Start to finish, return the listing below exactly, pictures excluded.

──────────────────────────────

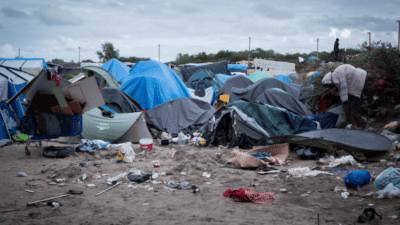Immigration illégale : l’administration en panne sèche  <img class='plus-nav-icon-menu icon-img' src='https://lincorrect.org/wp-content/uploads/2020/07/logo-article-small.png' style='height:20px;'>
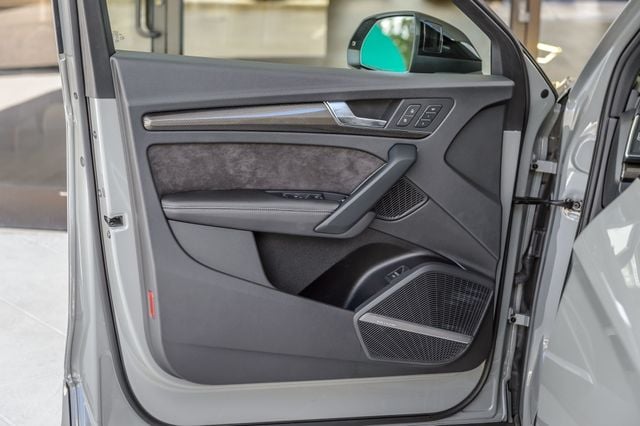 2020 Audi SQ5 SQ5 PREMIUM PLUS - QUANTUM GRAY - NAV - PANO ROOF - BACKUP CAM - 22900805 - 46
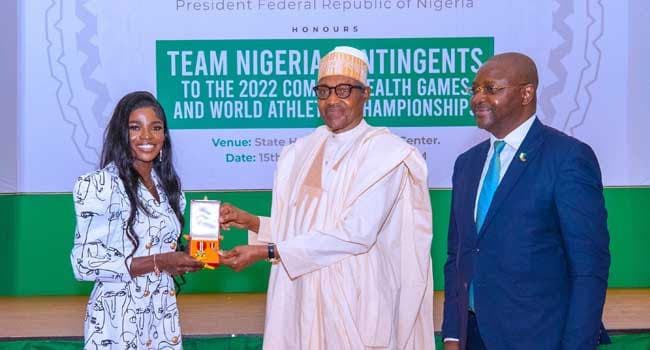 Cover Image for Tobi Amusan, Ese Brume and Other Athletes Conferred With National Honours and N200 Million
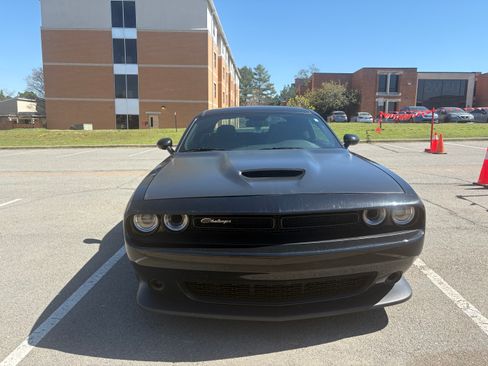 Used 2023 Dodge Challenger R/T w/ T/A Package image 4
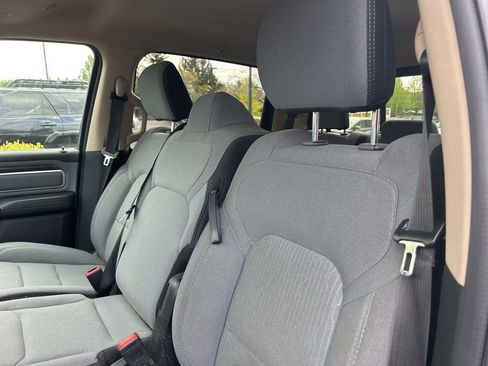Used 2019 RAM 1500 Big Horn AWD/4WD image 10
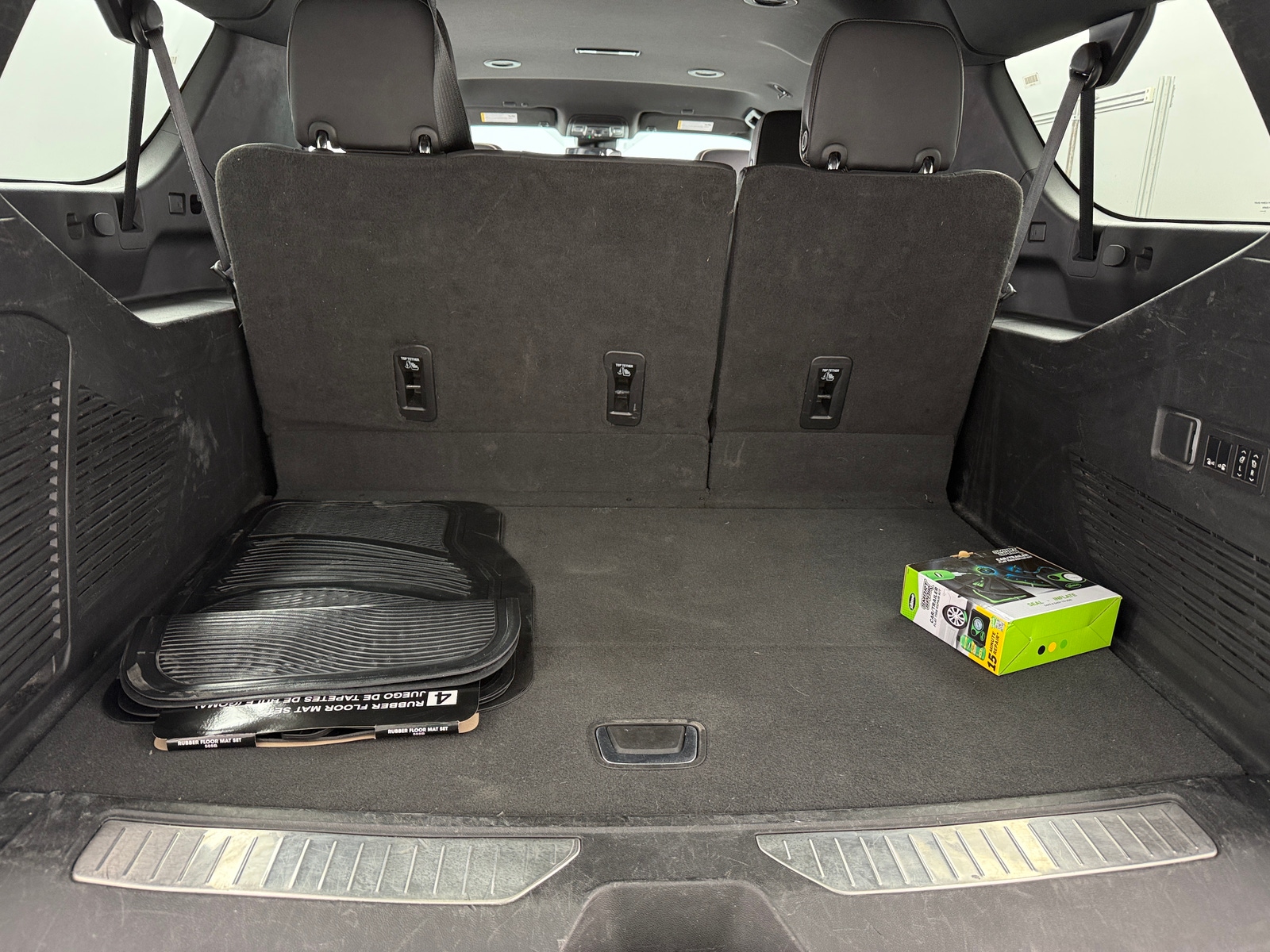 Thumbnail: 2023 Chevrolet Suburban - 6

──────────────────────────────

** Solution for this problem **
Immigration illégale : l’administration en panne sèche  <img class='plus-nav-icon-menu icon-img' src='https://lincorrect.org/wp-content/uploads/2020/07/logo-article-small.png' style='height:20px;'>
 2020 Audi SQ5 SQ5 PREMIUM PLUS - QUANTUM GRAY - NAV - PANO ROOF - BACKUP CAM - 22900805 - 46
 Cover Image for Tobi Amusan, Ese Brume and Other Athletes Conferred With National Honours and N200 Million
 Used 2023 Dodge Challenger R/T w/ T/A Package image 4
Used 2019 RAM 1500 Big Horn AWD/4WD image 10
 Thumbnail: 2023 Chevrolet Suburban - 6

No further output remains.